Nueve sacerdotes salesianos polacos pertenecen también al número de los presuntos mártires del nazismo. Son los Siervos de Dios Padre Jan Świerc y los VIII Compañeros: Padre Ignacy Antonowicz, Padre Karol Golda, Padre Włodzimierz Szembek, Padre Franciszek Harazim, Padre Ludwik Mroczek, Padre Ignacy Dobiasz, Padre Kazimierz Wojciechowski y Padre Franciszek Miśka. Como sacerdotes, los Siervos de Dios se dedicaban a diversas actividades pastorales y gubernamentales y a la enseñanza en Polonia. Fueron completamente ajenos a las tensiones políticas que agitaron su país durante la ocupación bélica.
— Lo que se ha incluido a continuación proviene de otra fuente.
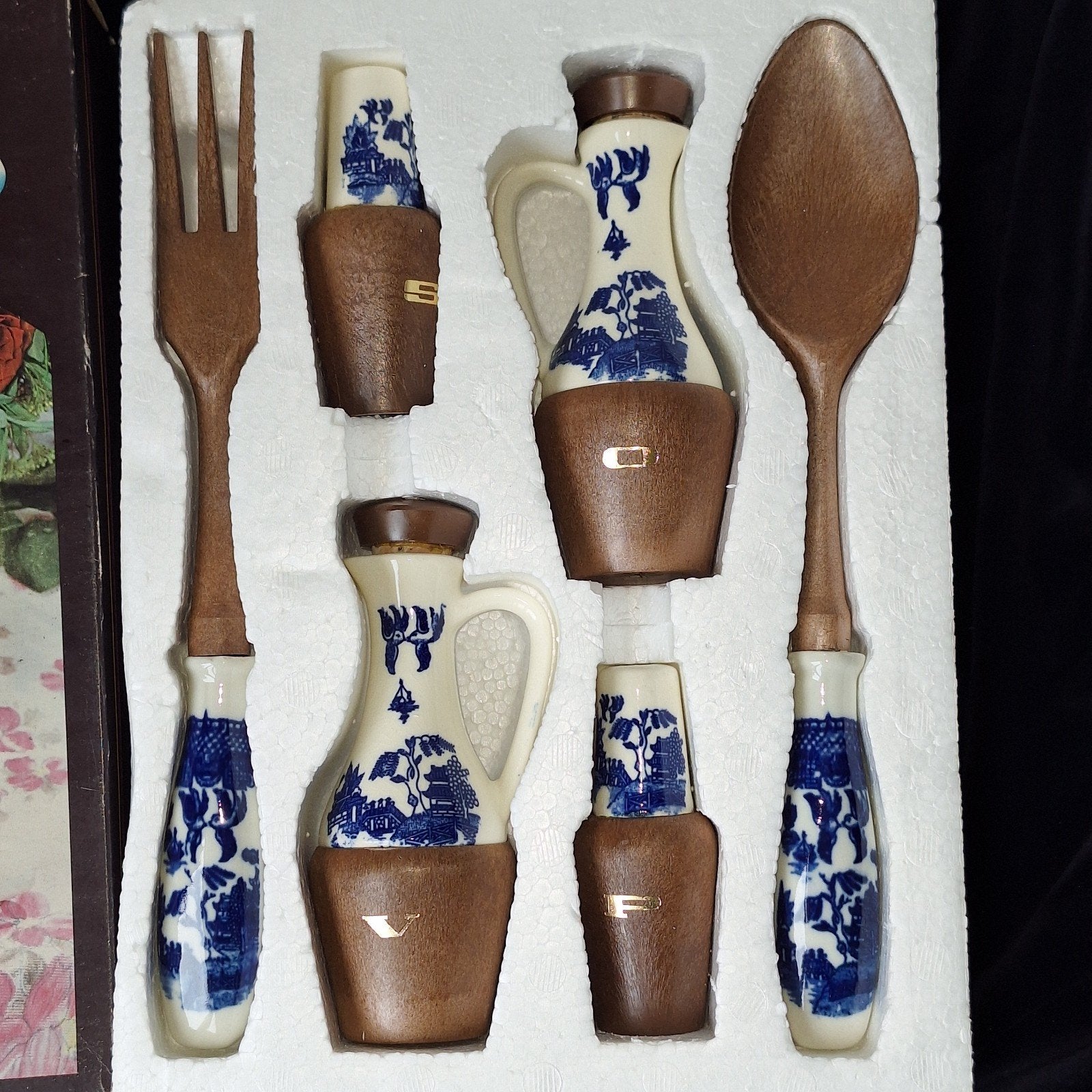 Blue Willow vintage salade bestek Asia set, Ophalen of Verzenden, Zo goed als nieuw, Kunststof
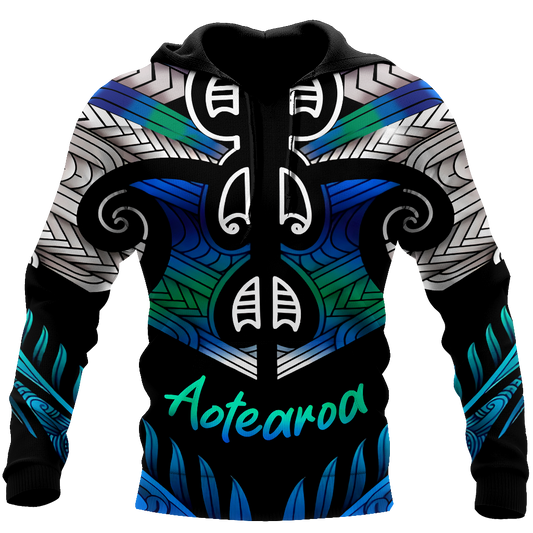 Aoteatoa New Zealand Maori 3d all over printed shirt and short for man and women-Apparel-PL8386-Hoodie-S-Vibe Cosy™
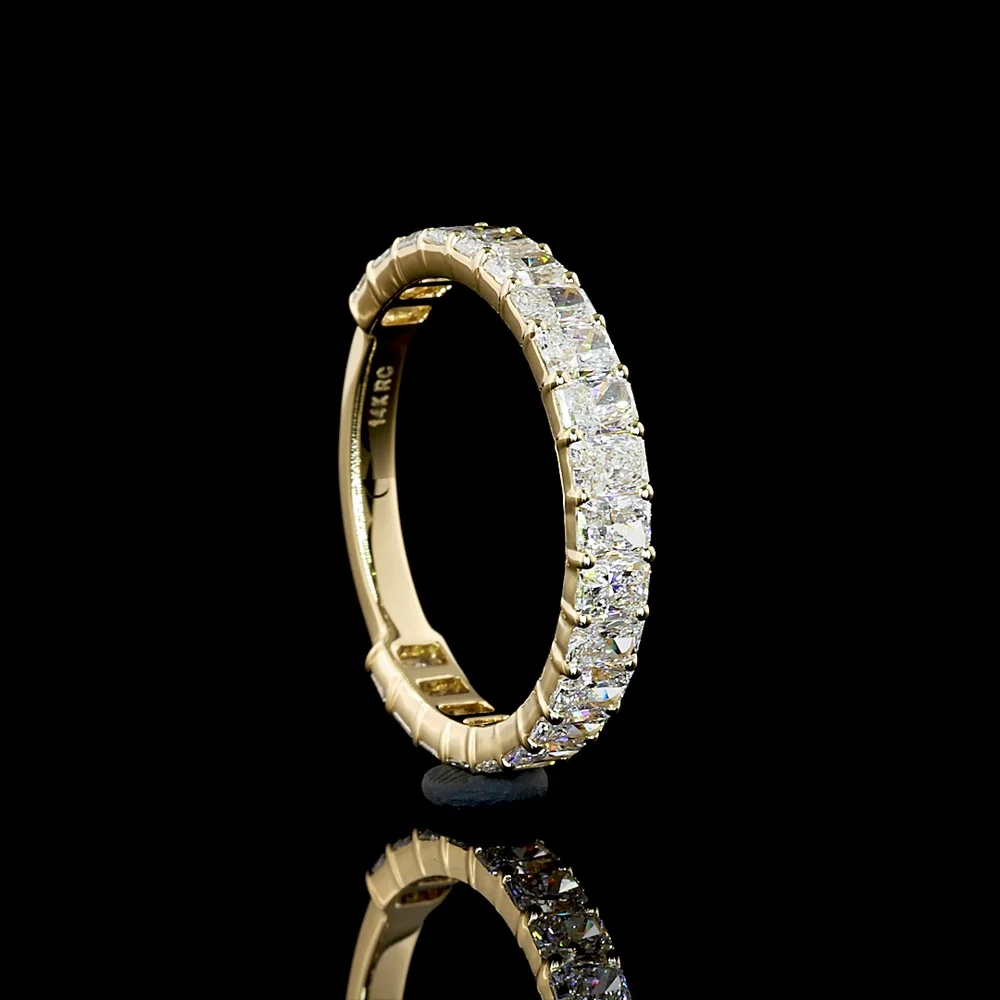 14K Yellow Gold 3/4 Eternity Band with North-South Set Radiant Cut Lab Diamonds - 1.76 Carats Total Diamond Weight - Covaloro Fine Jewelry - Image 2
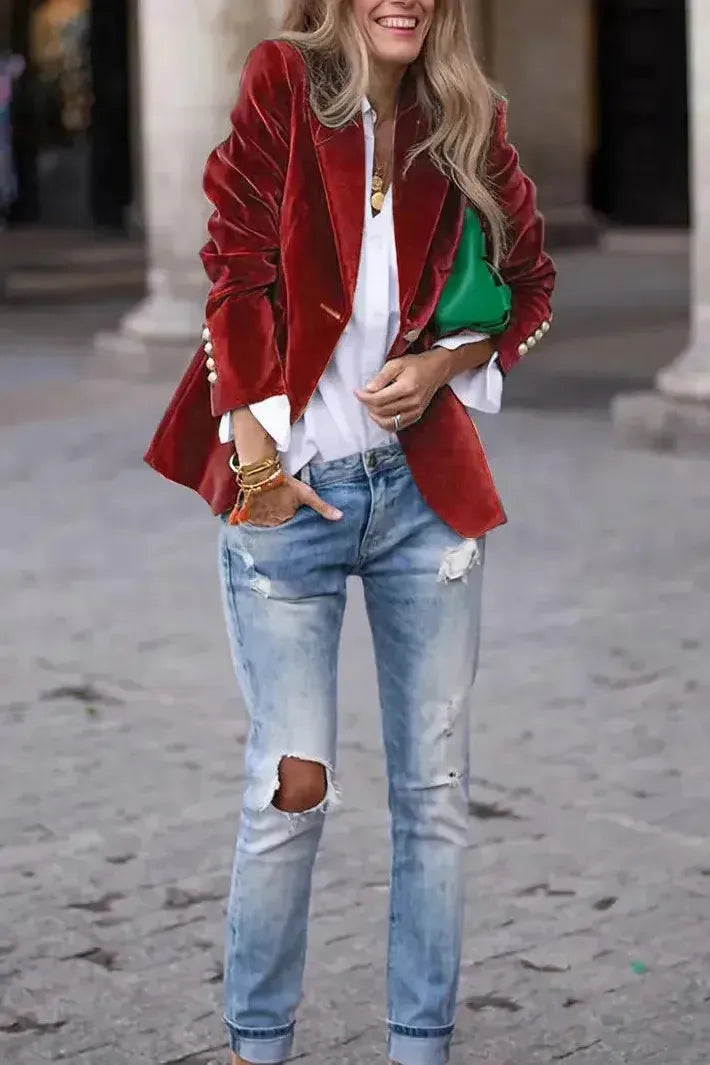 Women's Tailored Blazer with Gold Buttons - Effortless Elegance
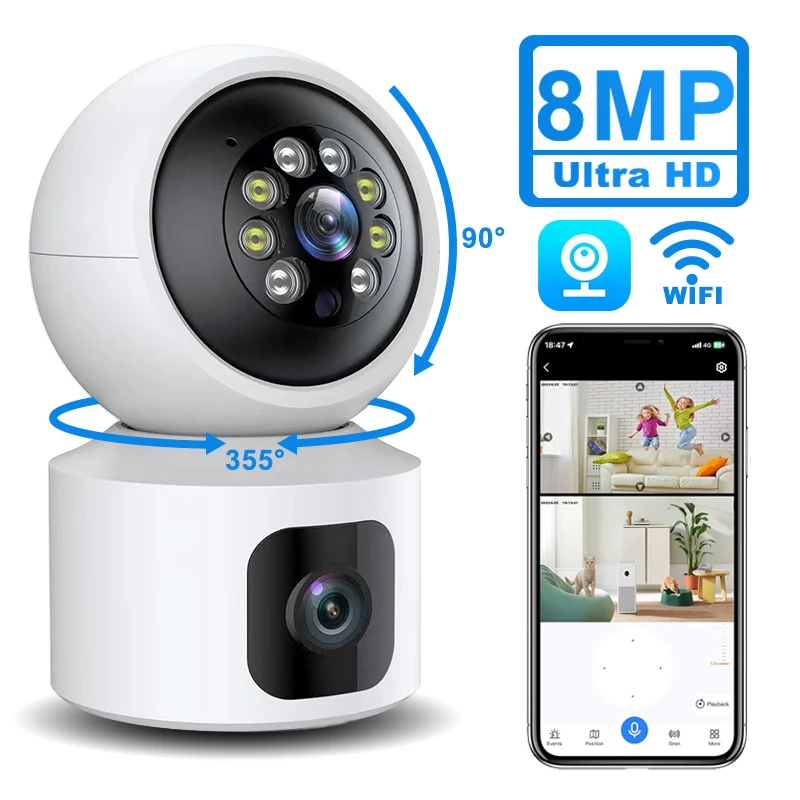 

8MP 4K WIFI Camera Home Security Indoor Surveillance Camera Baby Pet Monitor Auto Tracking Two-way Audio Wireless PTZ IP Camera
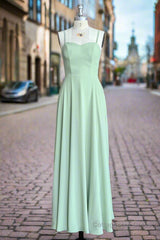 Green A Line Chiffon Spaghetti Straps Long Bridesmaid Dress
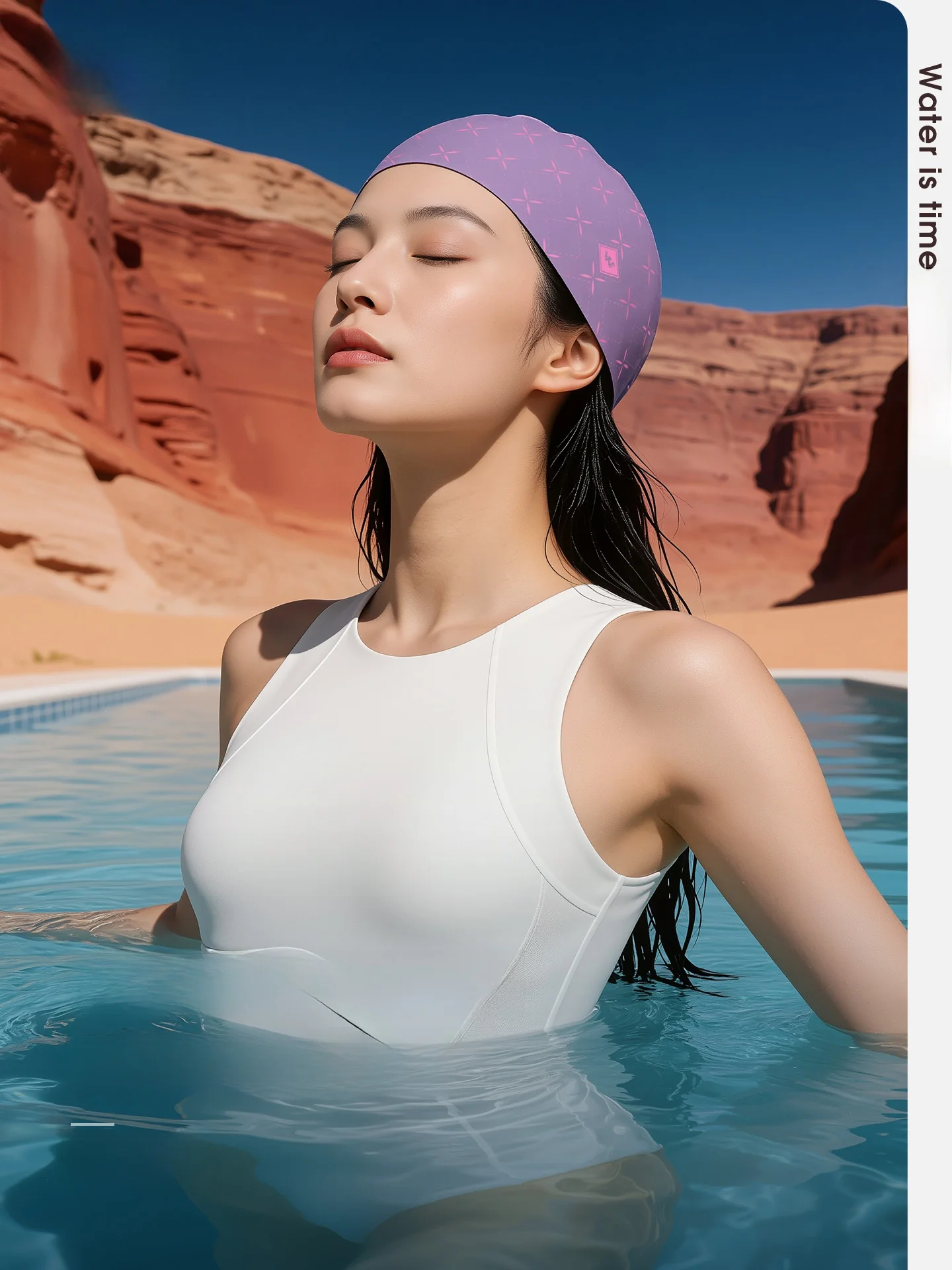 watertime-スイミングキャップ-レディース-シリコン-ノータイ-ワイドヘッドサイズ-ロングヘア専用-高級感-防水スイムキャップ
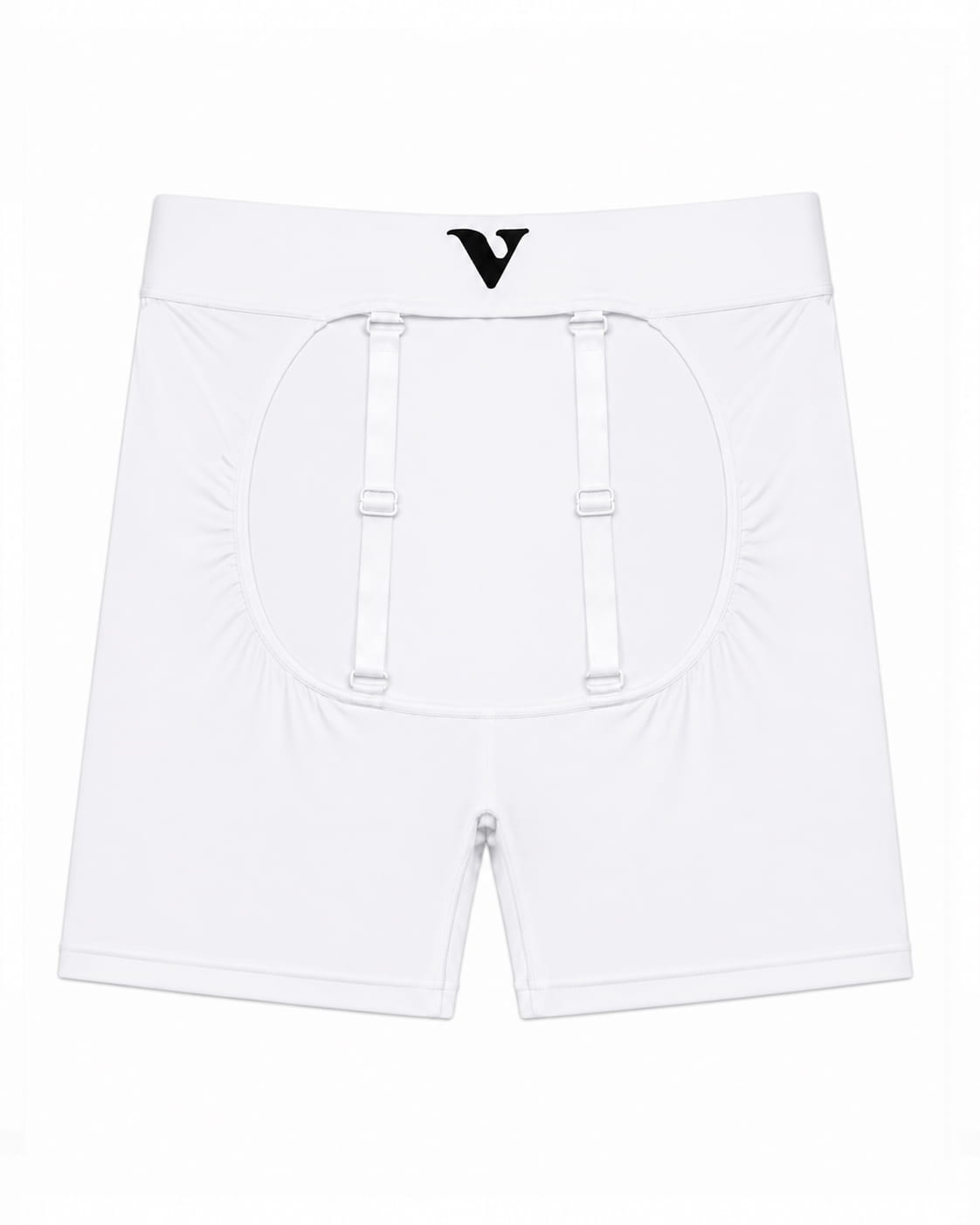 Women's white smooth compact-fit Sculpt Jockstrap 5" Trunk, back product view — Color: White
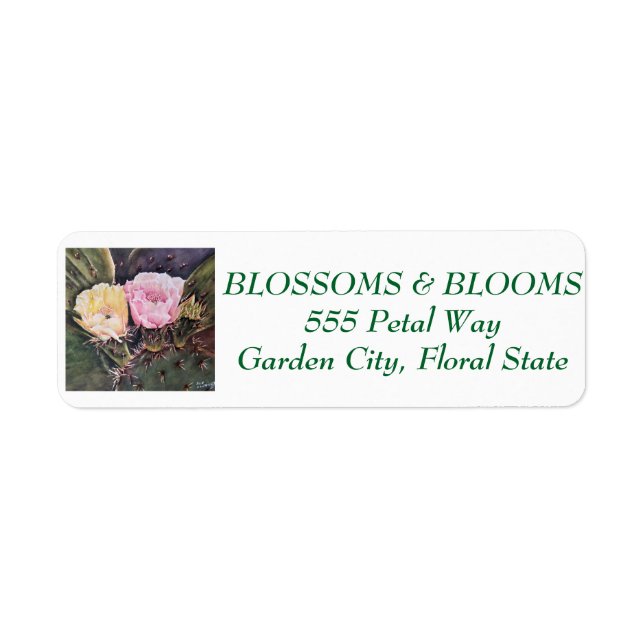 PEAR CACTUS FLOWERS RETURN ADDRESS LABEL (Front)
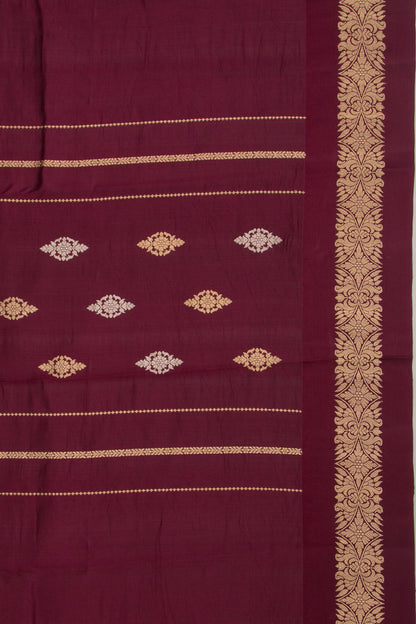 Banarasi Katan Silk Vertical Lines And Butta Brown Saree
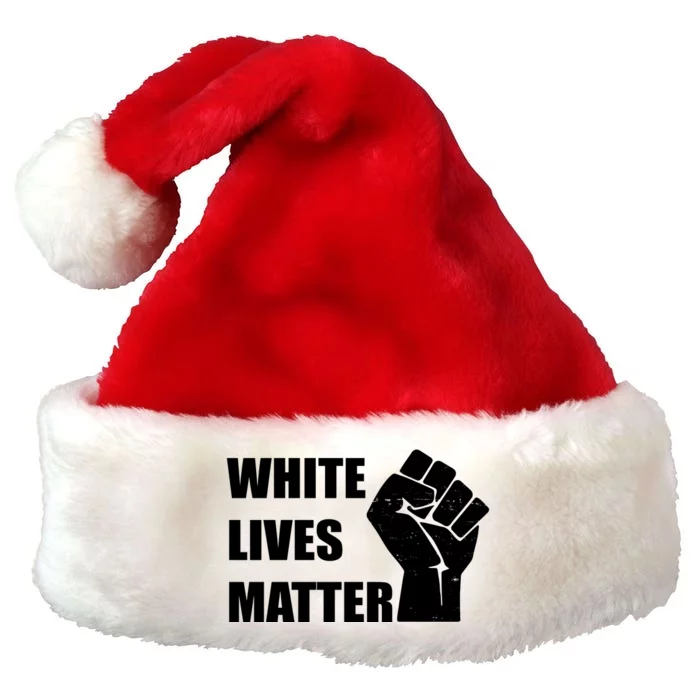 White Lives Matter Fist Premium Christmas Santa Hat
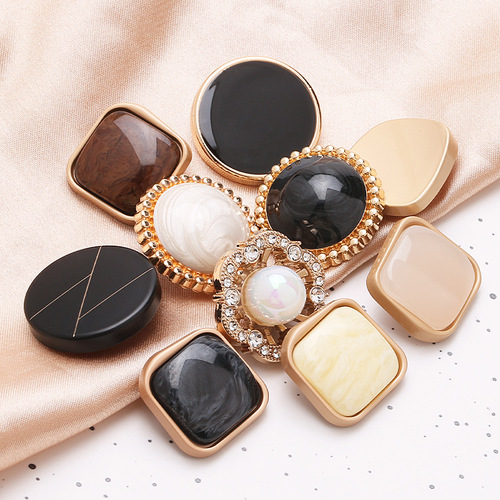 Xiaoxiangfeng hand-sewn coat buttons for women's knitted sweater jackets decorative alloy buttons metal high buttons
Sin embargo, fueron arrestados y martirizados in odium fidei por el mero hecho de ser sacerdotes católicos.
La fuerza y la serena perseverancia conservadas por los Siervos de Dios en el ejercicio de su ministerio sacerdotal incluso durante su encarcelamiento representaron un verdadero acto de desafío para los nazis: aunque agotados por las humillaciones y las torturas, desafiando toda prohibición, los Siervos de Dios fueron guardianes hasta el final de las almas que les fueron confiadas y se mostraron dispuestos, a pesar de la debilidad humana, a aceptar la muerte con Dios y por Dios.
El campo de concentración de Auschwitz, conocido por todos como el campo de la muerte, y el de Dachau para el padre Miśka, se convirtieron así en el lugar del compromiso sacerdotal de estos salesianos: a la negación de la dignidad humana y de la vida, el Padre Jan Świerc y ocho compañeros respondieron ofreciendo, a través de los sacramentos, la fuerza de la gracia y la esperanza de la eternidad. Acogieron, sostuvieron mediante la Eucaristía y la confesión, y prepararon a muchos compañeros de prisión para una muerte pacífica. Este servicio se prestaba no pocas veces en la clandestinidad, aprovechando la oscuridad de la noche y bajo la amenaza constante y apremiante de severos castigos o, más a menudo, de la muerte.
Los Siervos de Dios, como verdaderos discípulos de Jesús, nunca pronunciaron palabras de desprecio u odio hacia sus perseguidores. Detenidos, golpeados, humillados en su dignidad humana y sacerdotal, ofrecieron sus sufrimientos a Dios y permanecieron fieles hasta el final, seguros de que quien pone todas las cosas en la Voluntad Divina no queda defraudado. Su serenidad interior y su comportamiento, manifestados incluso en la hora de la muerte, fueron tan extraordinarios que dejaron atónitos, y en algunos casos indignados, a sus torturadores.